Coming of age, he decides to run a newspaper, sensationalizing
the news and considering himself to be the voice of the people.
He develops loyal colleagues in Jedediah Leland (Joseph Cotten)
and Bernstein (Everett Sloane). With ambitions beyond publishing,
he runs for New York Governor, and later promotes the singing
career of second wife Susan (Dorothy Comingore).
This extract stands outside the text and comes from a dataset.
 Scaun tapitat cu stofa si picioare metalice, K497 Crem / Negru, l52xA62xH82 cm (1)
He also
builds Xanadu, an extravagant palace that is never finished.
These various ambitions fail, and Kane dies a wealthy but
spiritually broken man.
"Citizen Kane" is a character study, about a man who
superficially has everything, but still isn't satisfied.
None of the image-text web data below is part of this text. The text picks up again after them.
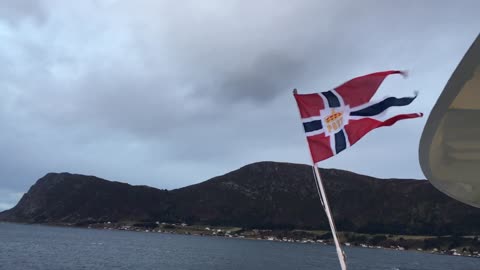 Filming outside of the Hurtigruten cruise ship MS Polarlys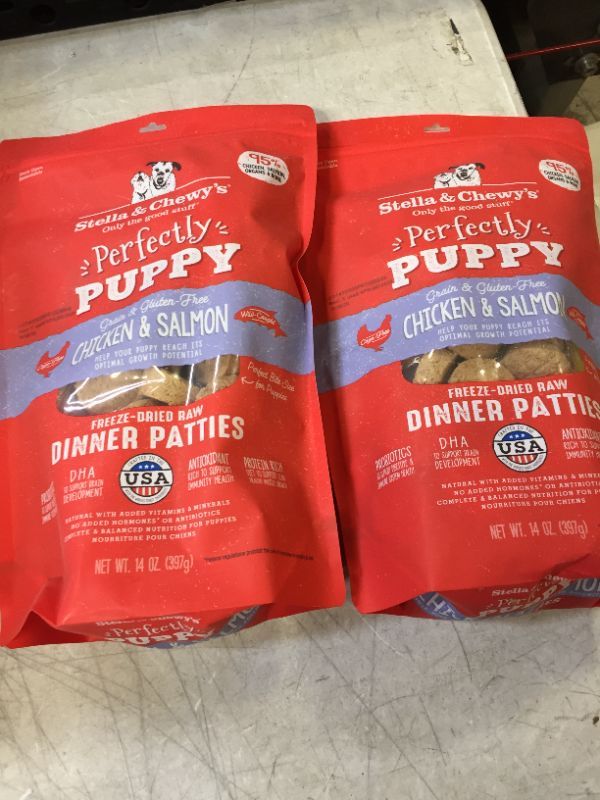 Photo 1 of 2 PK Stella & Chewy's Perfectly Puppy Freeze-Dried Raw Chicken and Salmon Dinner Patties Dog Food,14 oz. Bag . Best By April 20 2022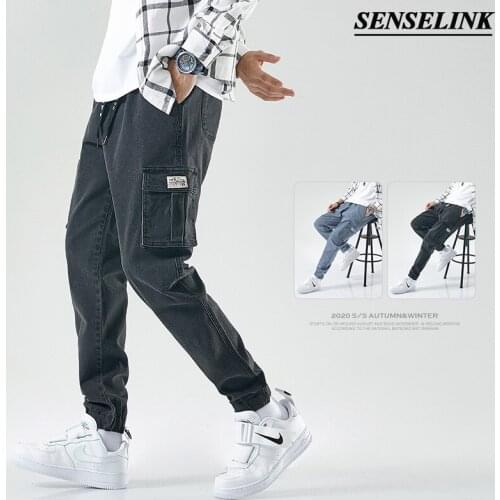 Men 2021 Summer Solid Color Casual Cargo Pants Japanese Black Loose Multi-Pocket Jeans Straight Big Size Cargo Pants Men M-8Xl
Charles Foster Kane has to prove something, but that
something always changes, and simply cannot be achieved.
This is demonstrated at length by Kane building a lavish
opera house for Susan to perform in, then sending her on
a cross-country tour, in the face of widespread ridicule of
her hopeless lack of talent.
The film is at its best when Kane is a young man, dynamic and
with the straightforward goal of "defending the working man".
A scene where he sings and dances with chorus girls is
marvelous chaos. Also outstanding is a series of breakfast
encounters between Kane and first wife Emily (Ruth Warrick)
that cover several years and show the fading of the marriage.
In comparison, later scenes drag ever so slightly, as Kane
is reduced to playing lord of Xanadu.
"Citizen Kane" plays little tricks with the audience.
Early in the film, there is a perfect send-up of the
newsreels. In the scene that Kane's parents discuss his
future, he can be seen through a window playing in the snow.
The chronology mixes past and present events, with dialogue
in the present giving away subsequent events that take place
in the past.
Welles was the leader of the Mercury players, and "Citizen
Kane" marked their transition from radio to cinema. Welles,
Cotten, and Moorehead would also appear together in
"Journey Into Fear" and "The Magnificent Ambersons" before
nervous studio executives put a halt to Welles' projects.